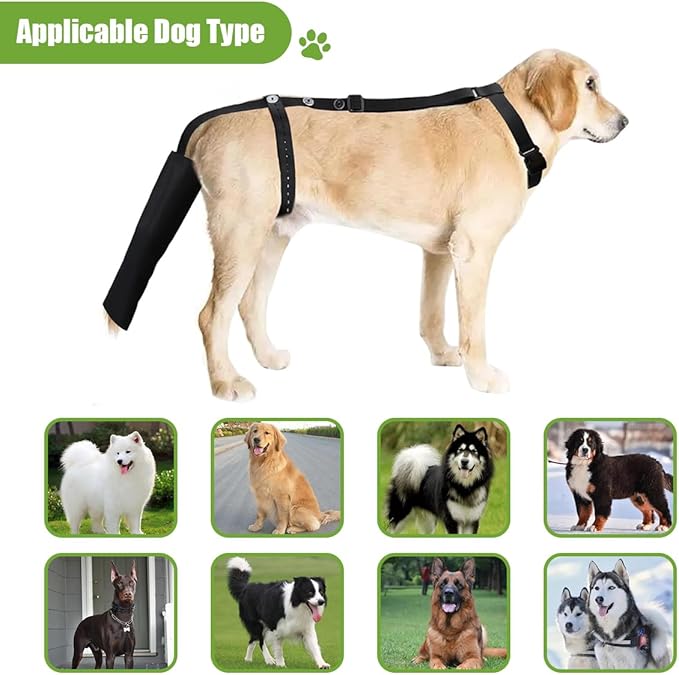 Dog Tail Protector Bag Dogs Tail Guard Sleeve Wound Heal Protector for Pets Animals Dog Happy Tail Syndrome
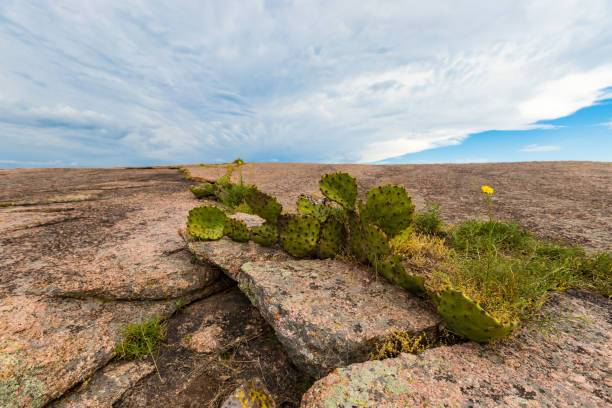 Bright and detailed image featuring fresh green prickly pear cactuses thriving under a vivid blue sky. The composition highlights the vibrant colors and intriguing textures characteristic of desert vegetation on a sunny day.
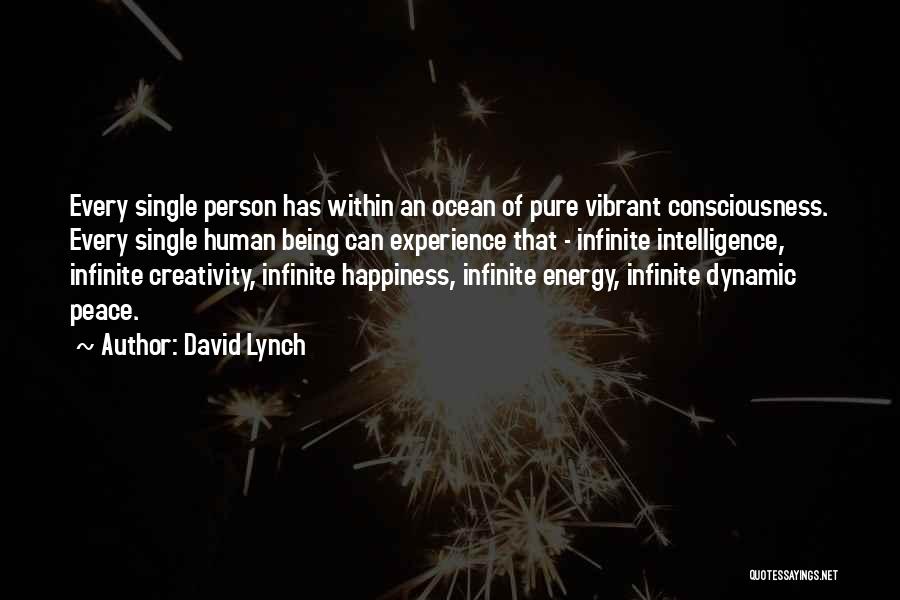 David Lynch Quotes: Every Single Person Has Within An Ocean Of Pure Vibrant Consciousness. Every Single Human Being Can Experience That - Infinite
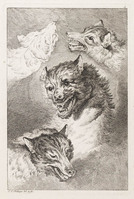 KG 01102
<br/>
Serie honden, wolven en leeuwen (11 bladen)
<br/>
<em>Ridinger, Johann Elias (1698-1767)</em>
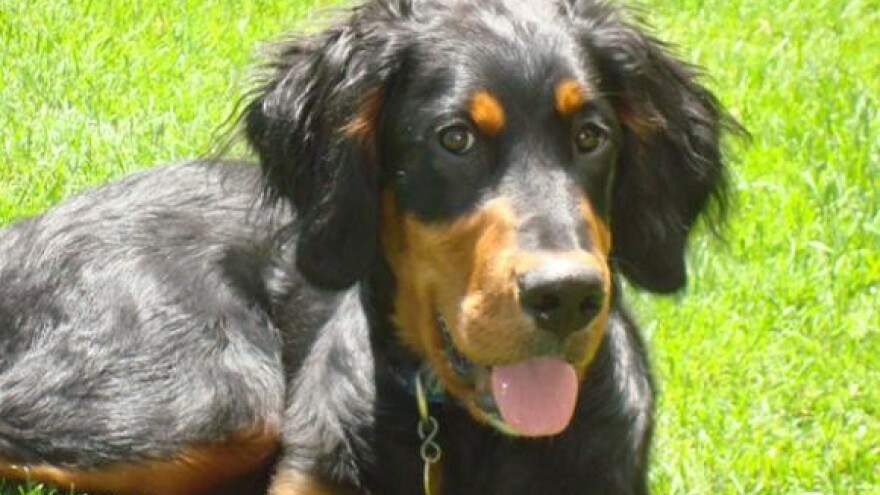 Bjesnoća - što treba znati?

= = = = = = =

YOUR INSTRUCTIONS
Could you write out verbatim only those lines that run from the line containing "David Lynch Quotes: Every" through the end of the listing above, both included, without the pictures?

WRITTEN RESPONSE
 David Lynch Quotes: Every Single Person Has Within An Ocean Of Pure Vibrant Consciousness. Every Single Human Being Can Experience That - Infinite
 KG 01102
<br/>
Serie honden, wolven en leeuwen (11 bladen)
<br/>
<em>Ridinger, Johann Elias (1698-1767)</em>
 Bjesnoća - što treba znati?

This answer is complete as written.